-- Data for this exercise follows --
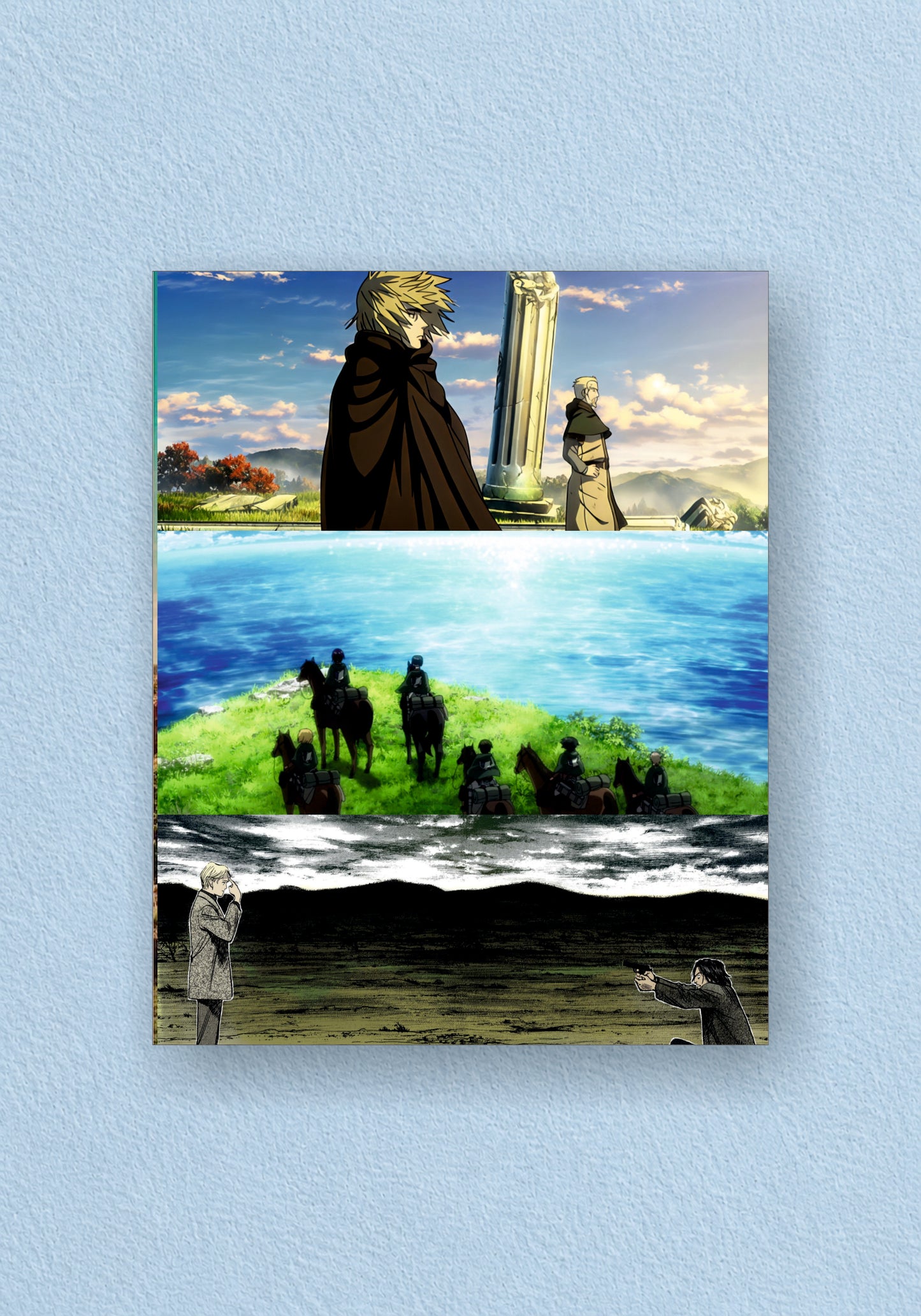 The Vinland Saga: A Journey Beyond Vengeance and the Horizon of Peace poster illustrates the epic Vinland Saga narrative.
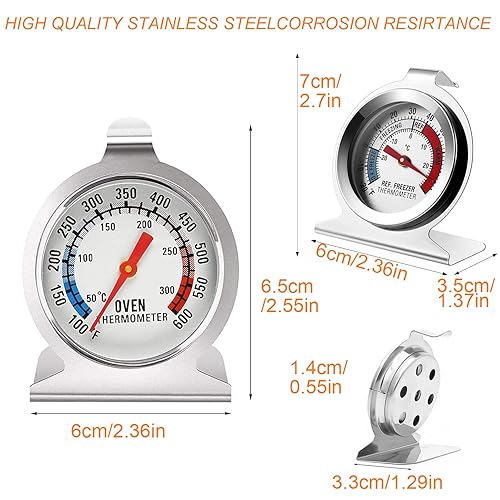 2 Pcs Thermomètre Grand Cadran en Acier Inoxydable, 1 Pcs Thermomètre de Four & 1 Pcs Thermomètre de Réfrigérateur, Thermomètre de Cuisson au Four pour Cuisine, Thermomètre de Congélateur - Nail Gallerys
-- Data for this exercise concluded --
-- Data for this exercise follows --
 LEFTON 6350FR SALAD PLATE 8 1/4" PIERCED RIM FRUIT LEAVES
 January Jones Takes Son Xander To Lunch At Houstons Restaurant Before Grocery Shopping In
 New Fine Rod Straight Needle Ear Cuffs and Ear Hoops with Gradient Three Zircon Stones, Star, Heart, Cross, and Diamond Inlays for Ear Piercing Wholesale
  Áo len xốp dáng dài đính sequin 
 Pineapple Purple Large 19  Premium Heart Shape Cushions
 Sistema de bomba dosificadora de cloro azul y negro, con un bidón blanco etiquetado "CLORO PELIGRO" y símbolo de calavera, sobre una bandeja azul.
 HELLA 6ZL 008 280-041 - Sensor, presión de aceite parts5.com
-- Data for this exercise concluded --
Write out exactly the run of lines above that starts at the line containing "The Vinland Saga: A" and ends at the line containing "2 Pcs Thermomètre". Include both, and leave the pictures out.

- **Answer to this task**:
 The Vinland Saga: A Journey Beyond Vengeance and the Horizon of Peace poster illustrates the epic Vinland Saga narrative.
 2 Pcs Thermomètre Grand Cadran en Acier Inoxydable, 1 Pcs Thermomètre de Four & 1 Pcs Thermomètre de Réfrigérateur, Thermomètre de Cuisson au Four pour Cuisine, Thermomètre de Congélateur - Nail Gallerys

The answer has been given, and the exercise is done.